Esordio dietro la macchina da presa per Russell Crowe, che con The Water Diviner firma la sua prima opera da regista partendo dall’omonimo romanzo di Meaghan Wilson-Anastasios. Una partenza inceppata e faticosa quella dell’attore neozelandese: la storia scelta per questo suo debutto è già carica di suo di una forte dose di sentimentalismo, gestibile solo da una mano consapevole, capace di non far scivolare l’intera materia nella melassa più stucchevole. Una mano che si rivela essere non quella di Crowe.
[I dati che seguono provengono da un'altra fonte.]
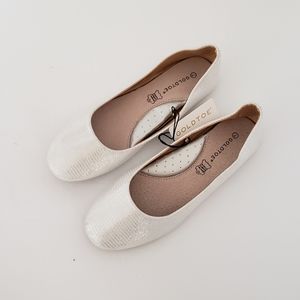 Goldtoe silver flat shoe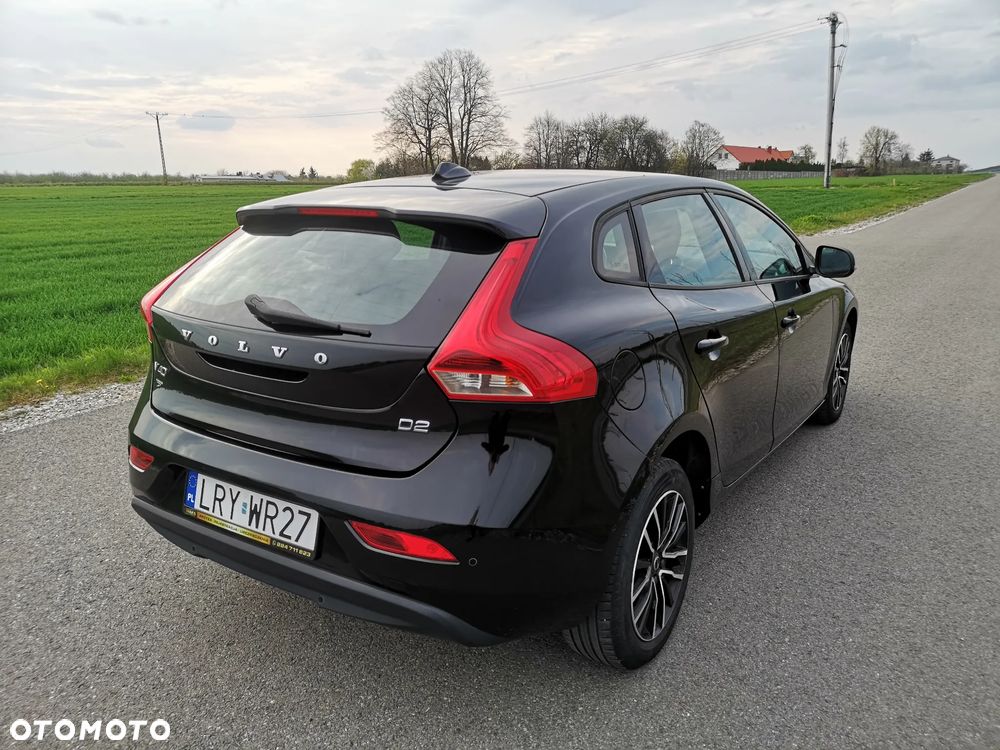 Volvo V40 D2 Momentum - 21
Sembra quasi che il regista si muova sotto l’influenza di cineasti incontrati durante la sua carriera di interprete, alle prese anch’essi con materiale degno di narrazioni epiche: su tutti Ridley Scott, con il quale l’attore ha instaurato un sodalizio artistico a partire da Il gladiatore. Ma a differenza del regista britannico, a Crowe manca del tutto la giusta concezione di ritmo narrativo e di scansione temporale: sono molti i momenti in cui la narrazione si distende quasi inutilmente per poi ritrovarsi a dover correre in punti nodali della vicenda, fino ad arrivare a ellissi fastidiose.
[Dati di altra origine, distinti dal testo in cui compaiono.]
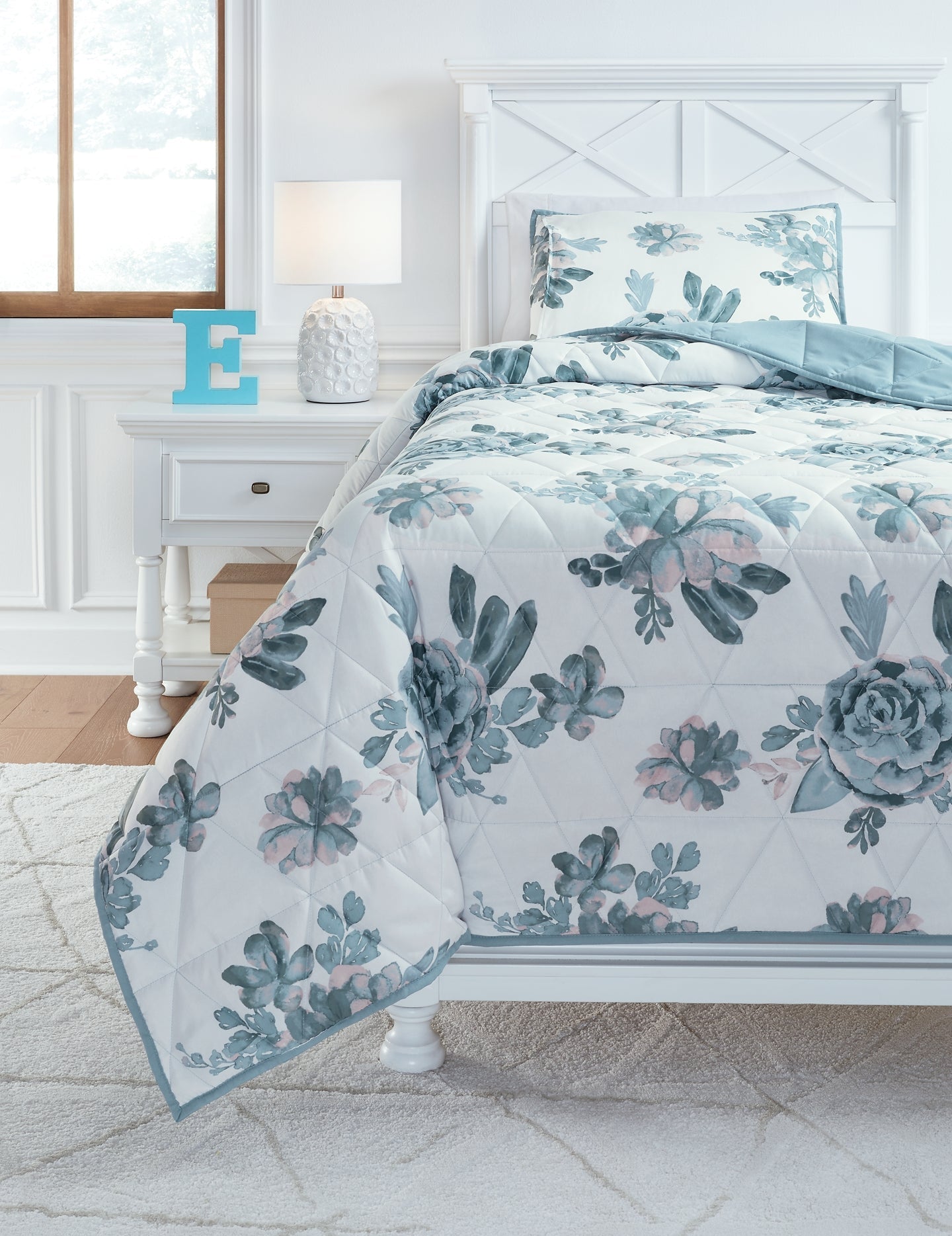 Kiandra Twin Quilt Set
Talmente fastidiose che rendono il film, a tratti, surreale. E per un film che ambisce a narrare la Storia non è sicuramente un bene. Non è chiaro come il contadino Crowe riesca a passare dal poter “sentire” l’acqua a “sentire” le ossa dei suoi figli, né quando sia stato capace di dimenticare l’amata moglie per cedere allo sguardo ammaliante di Olga Kurylenko.
La dimensione storica poteva ben essere solo un punto di partenza, un trampolino per Crowe per andare a toccare e approfondire tematiche più umane, come l’amore di un padre per i propri figli, la perdita della speranza a cui porta ogni conflitto e la solidarietà che può nascere tra esseri umani un tempo nemici. Ma Crowe non riesce a muoversi in questo calderone colmo di ottimi elementi però gettati quasi alla rinfusa, annaspando per il desiderio di produrre un drammone degno della più classica produzione a stelle e strisce che di epico, alla fine, mostra di avere ben poco.
In quest’ottica, ancora più banale risulta essere la romantica conclusione della pellicola, con gli occhi sorridenti di Crowe che incrociano quelli della Kurylenko, donando un’ultima spolverata di zucchero a un film che, però, non ne aveva certo bisogno.